Make a comment to the author.


A Test of the Effects of Rounding Precision Upon a Matrix Problem.

The Purpose.

This purpose of this test was to determine how easy it was to find a realistic problem using 'double' variables which would produce better results under the Linux default 64 bit precision mode than when run under a 53 bit precision mode.

The Problem.

Using recognised matrix code solve the following for x:
            A x = b
where A is a 10 by 10 matrix with all elements equal to 1, except for the diagonal elements which are 1+1.0e-10, i.e. it is 'almost' singular.

b is a column vector with elements 0, 1, 2, ..., 9.

The (arbitrarily) chosen code is from the meschach code of the 'C' package of netlib.

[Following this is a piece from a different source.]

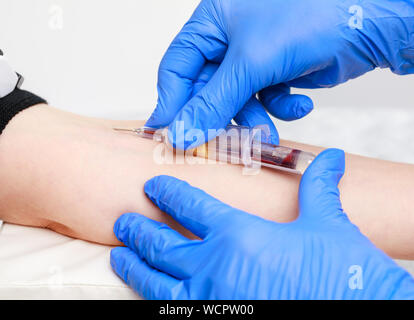 Close-up shot of doctor or nurse taking a blood sample from arm vein with a vacutainer. Venipuncture or venepuncture procedure Stock Photo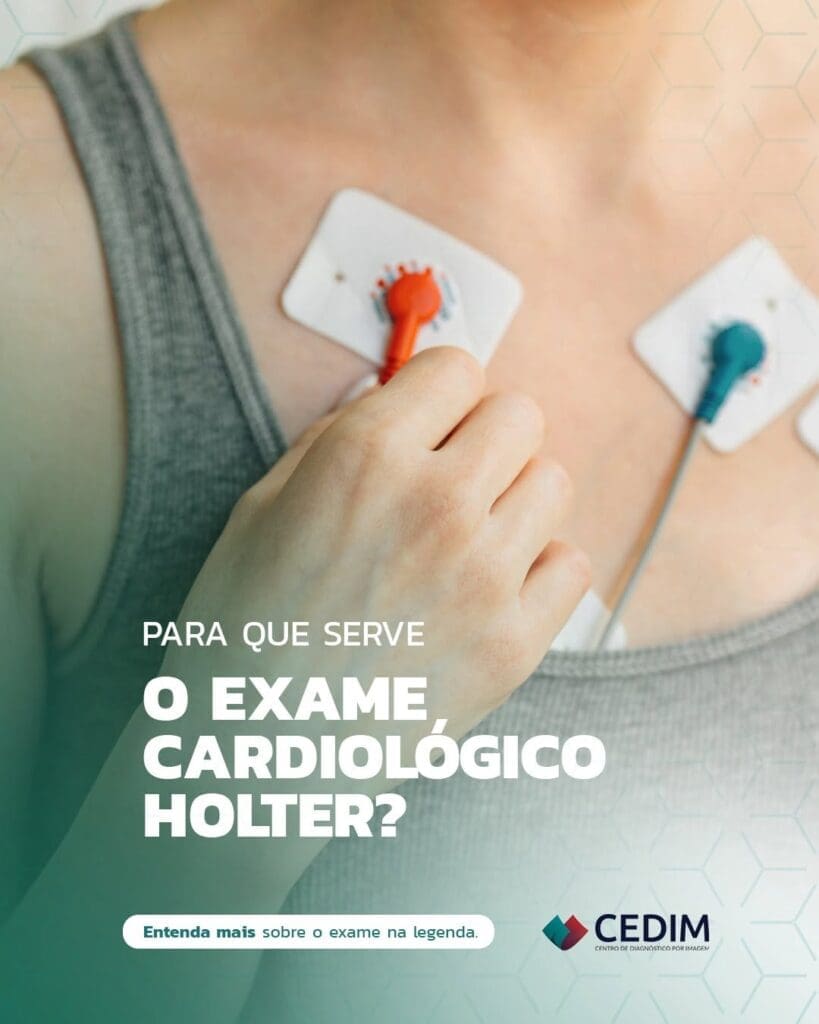 O Holter é um exame que monitora o ritmo cardíaco durante 24 horas, O Holter é um exame que monitora o ritmo cardíaco durante 24 horas,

Here is the program:

        main() {
          MAT *A, *QR;
          VEC *b, *x, *diag;
          u_int m=10, n=10, i, j;
        
          A = m_get(m, n);
          for ( i = 0; i < m; i++ )
            for ( j = 0; j < n; j++ ) {
                A->me[i][j] = 1.0;
                if ( i == j )
                  A->me[i][j] += 1.0e-12;
            }
          diag = v_get(A->m);
          QR = m_copy(A, MNULL);
          QRfactor(QR, diag);
        
          b = v_get(A->m);
          for ( i = 0; i < b->dim; i++ )
            b->ve[i] = i;
        
          x = QRsolve(QR, diag, b, VNULL);
        
          for ( i = 0; i < m; i++ )
            printf("%.20Lg (err=%.20g)\n", (long double)x->ve[i]);
        
          printf("\n||A*x-b|| = %Lg\n",
             (long double)(v_norm2(v_sub(mv_mlt(A, x, VNULL), b, VNULL))) );
        }

The Results.

The correct answer (computations performed at 128 bit precision) is:

  -4499599982940.764920071048
  -3499688875620.494937833037
  -2499777768300.224955595027
  -1499866660979.954973357016
   -499955553659.6849911190054
    499955553660.5849911190053
   1499866660980.854973357016
   2499777768301.124955595027
   3499688875621.394937833037
   4499599982941.664920071048

Three methods of compiling and running the program and the meschach library were tried:

Default Linux with -O2

The answer differed from the exact answer by the following vector:
 -86739704.29
   9637744.92
   9637744.92
   9637744.92
   9637744.92
   9637744.92
   9637744.92
   9637744.92
   9637744.92
   9637744.92

The error estimate:

       E = ||A*x-b||
was 0.00444047. The correct value is 0.00444017.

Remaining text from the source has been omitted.